When she was a child I read Exodus
To my daughter  ’The children of Israel…’

Pillar of fire
Pillar of cloud.

No other poet sounds like this. However adamant Oppen’s convictions, his meticulously shaped lines embody a music of deference–a constitutional unwillingness to dominate the world by virtue of having understood it. True poetry, says Oppen in an essay collected in Selected Prose, is written in “a language that tests itself.”

This volume contains nine essays, four of which are brief reviews of other poets (David Antin, Thomas McGrath, Charles Olson), the most important of which is “The Mind’s Own Place,” an extended essay on the responsibilities of the poet at large. But Selected Prose is taken up primarily by selections from the daybooks (collections of fragmentary thoughts, observations, quotations) that Oppen began keeping when he returned to poetry around 1958. These undated pages were variously typed and handwritten; scraps of paper were glued on top of other scraps; pages were held together with staples, pipe cleaners and (on one occasion) a nail hammered into a block of wood. Making his selection, Stephen Cope excises ephemeral material such as shopping lists, but he strives to preserve the layered, palimpsest-like quality of the pages, recording Oppen’s deletions and insertions, marking the distinction between handwriting and typing, and occasionally combining material from multiple layers into single entries. In contrast to Oppen’s poems, in which every syllable is weighed, every line ending calibrated, the daybooks reveal the painstaking process through which he achieved his burnished but equivocal authority.

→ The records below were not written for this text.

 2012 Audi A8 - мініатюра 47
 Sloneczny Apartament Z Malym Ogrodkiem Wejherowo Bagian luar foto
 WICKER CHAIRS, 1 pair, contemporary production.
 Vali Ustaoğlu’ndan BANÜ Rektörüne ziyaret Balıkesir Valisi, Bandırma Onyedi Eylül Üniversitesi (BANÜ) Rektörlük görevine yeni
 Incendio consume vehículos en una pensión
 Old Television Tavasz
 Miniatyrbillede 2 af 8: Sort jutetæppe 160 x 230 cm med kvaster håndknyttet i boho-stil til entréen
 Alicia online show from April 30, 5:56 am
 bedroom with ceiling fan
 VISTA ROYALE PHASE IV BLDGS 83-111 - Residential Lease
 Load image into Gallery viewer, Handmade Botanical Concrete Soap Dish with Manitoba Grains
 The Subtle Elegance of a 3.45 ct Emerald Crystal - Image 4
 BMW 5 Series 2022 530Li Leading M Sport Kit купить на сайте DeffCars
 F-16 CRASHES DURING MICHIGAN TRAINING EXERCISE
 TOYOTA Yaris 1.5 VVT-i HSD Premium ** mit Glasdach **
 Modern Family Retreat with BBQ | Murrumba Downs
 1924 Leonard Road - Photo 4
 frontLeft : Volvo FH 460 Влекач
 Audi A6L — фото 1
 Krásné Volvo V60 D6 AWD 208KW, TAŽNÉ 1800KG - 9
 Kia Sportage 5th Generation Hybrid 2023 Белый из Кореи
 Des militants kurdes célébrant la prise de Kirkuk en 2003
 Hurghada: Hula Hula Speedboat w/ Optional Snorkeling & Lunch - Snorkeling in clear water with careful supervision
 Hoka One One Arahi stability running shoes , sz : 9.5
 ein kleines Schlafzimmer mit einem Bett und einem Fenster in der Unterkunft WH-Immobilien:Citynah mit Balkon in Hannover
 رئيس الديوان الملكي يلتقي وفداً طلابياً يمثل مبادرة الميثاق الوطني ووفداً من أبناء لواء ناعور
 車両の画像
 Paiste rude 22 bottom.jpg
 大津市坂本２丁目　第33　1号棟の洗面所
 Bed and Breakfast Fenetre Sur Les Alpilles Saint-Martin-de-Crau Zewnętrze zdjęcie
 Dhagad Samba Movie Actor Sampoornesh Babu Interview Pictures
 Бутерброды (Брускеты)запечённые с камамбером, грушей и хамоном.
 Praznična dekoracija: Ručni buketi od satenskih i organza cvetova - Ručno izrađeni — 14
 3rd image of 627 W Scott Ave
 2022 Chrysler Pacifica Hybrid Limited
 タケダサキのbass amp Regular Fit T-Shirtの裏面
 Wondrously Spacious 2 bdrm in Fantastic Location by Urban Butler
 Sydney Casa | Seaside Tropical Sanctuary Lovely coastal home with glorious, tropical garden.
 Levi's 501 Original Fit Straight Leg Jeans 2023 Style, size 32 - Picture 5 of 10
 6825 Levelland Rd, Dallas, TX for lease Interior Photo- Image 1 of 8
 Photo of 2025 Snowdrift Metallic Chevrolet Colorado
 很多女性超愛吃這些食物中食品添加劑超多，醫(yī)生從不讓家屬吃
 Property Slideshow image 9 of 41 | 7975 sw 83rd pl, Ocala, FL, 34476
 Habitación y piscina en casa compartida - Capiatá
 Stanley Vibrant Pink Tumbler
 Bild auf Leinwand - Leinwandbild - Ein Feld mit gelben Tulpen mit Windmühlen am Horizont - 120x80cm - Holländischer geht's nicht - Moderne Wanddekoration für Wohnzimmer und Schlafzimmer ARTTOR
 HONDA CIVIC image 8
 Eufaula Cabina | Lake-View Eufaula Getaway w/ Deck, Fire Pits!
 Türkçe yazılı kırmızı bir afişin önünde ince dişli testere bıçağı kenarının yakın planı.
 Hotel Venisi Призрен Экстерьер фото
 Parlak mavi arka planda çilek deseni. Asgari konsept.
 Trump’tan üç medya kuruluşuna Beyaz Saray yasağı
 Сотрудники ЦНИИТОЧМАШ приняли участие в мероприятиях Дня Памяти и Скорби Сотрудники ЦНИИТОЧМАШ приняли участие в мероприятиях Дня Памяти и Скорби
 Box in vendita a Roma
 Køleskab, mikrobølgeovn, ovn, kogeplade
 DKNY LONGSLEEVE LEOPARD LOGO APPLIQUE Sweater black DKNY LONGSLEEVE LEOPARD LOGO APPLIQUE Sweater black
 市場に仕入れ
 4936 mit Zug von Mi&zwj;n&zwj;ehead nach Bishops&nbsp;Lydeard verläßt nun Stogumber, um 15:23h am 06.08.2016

“I work sometimes for eight hours or so,” says Oppen in one entry, “fiddling with corrections. But sometimes I am so tired in two or three hours of effort that I’m shaken.” On the same page: “a poem may be devoted to giving clear meaning to one word.” Everywhere in evidence is Oppen’s devotion to the unfashionable values of authenticity, conviction and sincerity. “If the poet begins to ask us to accept a system of opinions and attitudes,” says Oppen, explaining why Allen Ginsberg’s exhortations seem to him unconvincing, “he must manage the task of rigorous thought.” Rigorous thought, for Oppen, is registered in language that, by testing itself, reveals the flaws of its author’s opinions: “If one revises and revises and revises–perhaps weeks and months and years and cannot revise, then there is something wrong with what you are trying to say. The ear knows.”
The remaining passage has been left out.